You always have to shop around each year with 123. When renewing my car insurance, dispite sending me a letter stating that they had gotten the best deal for me. I re-entered my details on their system and got a much better quote, on phoning them up to complain I got an even better price. Abount €200 better then my origional renewal!


----------



## demoivre (14 Aug 2008)

Towger said:


> You always have to shop around each year with 123.



You have to shop around each year with *every* broker and direct insurer imo. which, partially at least, defeats the purpose of having a broker in the first place!


----------



## G123 (14 Aug 2008)

I have just switched from a direct insurer (€957 qoute) to a broker ($535 quote!

From my experience I will probably switch back again next year.

Why do companies operate this way?
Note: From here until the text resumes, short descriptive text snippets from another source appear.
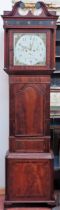 19th century inlaid mahogany cased longcase clock with hand painted and enamelled dial, by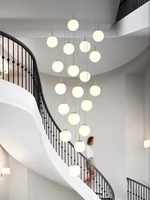 stairs modern nordic chandelier loft duplex living room hotel lobby long chandelier home decorative lighting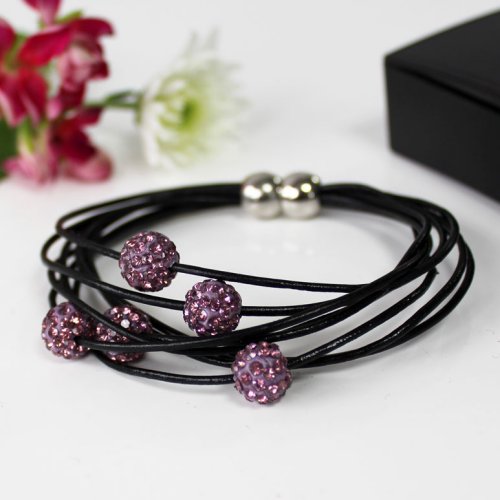 Pink Crystal Beads Bracelet With Fastening Leather Straps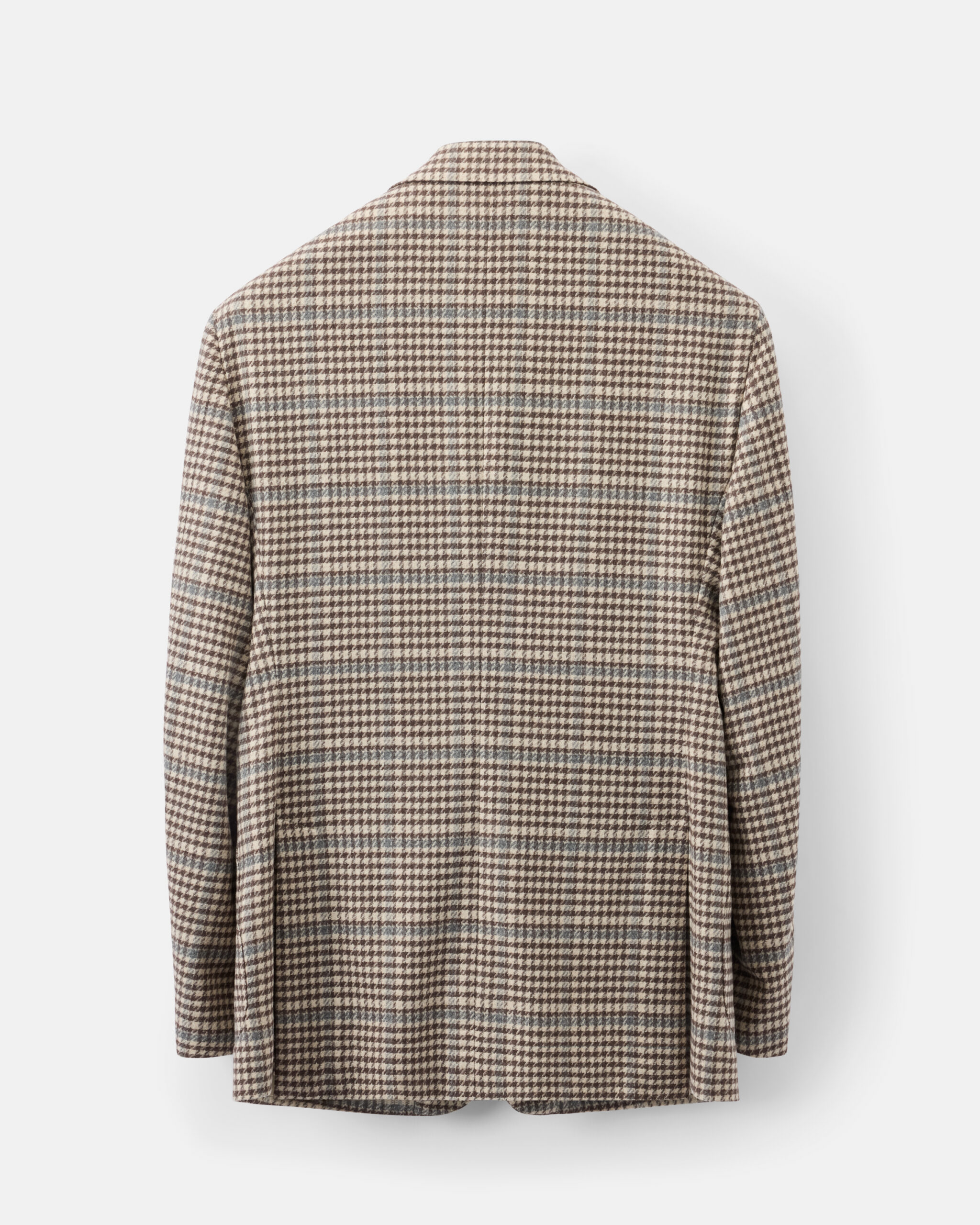 Custom Made jacket soft beige wool & cashmere houndstooth windowpane image 3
Surely there must be an advantage in keeping your customer? (Less spend on advertising etc.)


----------



## mathepac (14 Aug 2008)

Might be slightly OT, but I switched from 123.ie two years ago when the premiums began to creep up and they sent me a renewal notice with the reg no of a car I had sold!

There is a strange phenomenon in the insurance market at the moment whereby insurers sell differently underwritten products through different brokers.
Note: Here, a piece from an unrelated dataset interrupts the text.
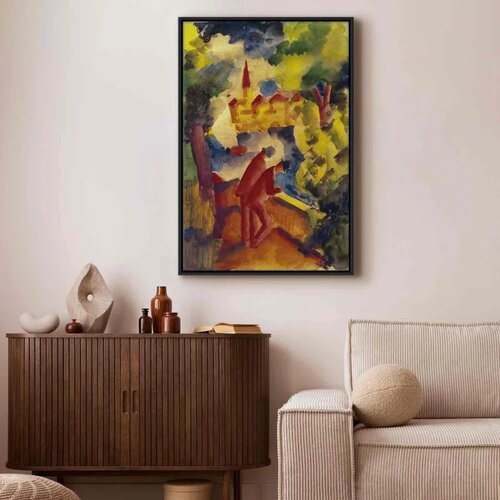  Slika - August Macke &amp;ndash; Men on the Road by the Lake 60x90 U crnom drvenom okviru Slike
Brokers may appear to "compete" for your business from an insurer, the reality is they operate with different T&C's, exclusions, add-ins and  deductibles.
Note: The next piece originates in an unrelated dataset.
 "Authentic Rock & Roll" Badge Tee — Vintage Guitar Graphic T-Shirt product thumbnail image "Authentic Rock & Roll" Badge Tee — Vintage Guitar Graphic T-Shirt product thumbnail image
As an example, my quotes with 11 years NCB, comprehensive cover, for my next renewal, from the same insurer are :

Broker A - €286 incl. windscreen cover, Step-back bonus protection
Broker B - €328 excl. windscreen cover, Full Bonus Protection
(reduced to €300 incl. windscreen cover & Full Bonus Protection when I gave them the quote from Broker A above.)
Broker C - €356 incl. windscreen cover, Full Bonus Protection

My current direct insurer was €615 for the same cover.

One major issue, when completing a proposal form, not all of the T&C's will be listed. Most insurers / brokers won't give you these until after the proposal is accepted and your premium is paid (one exception is Quinn Direct who sent me the Booklet with the proposal form).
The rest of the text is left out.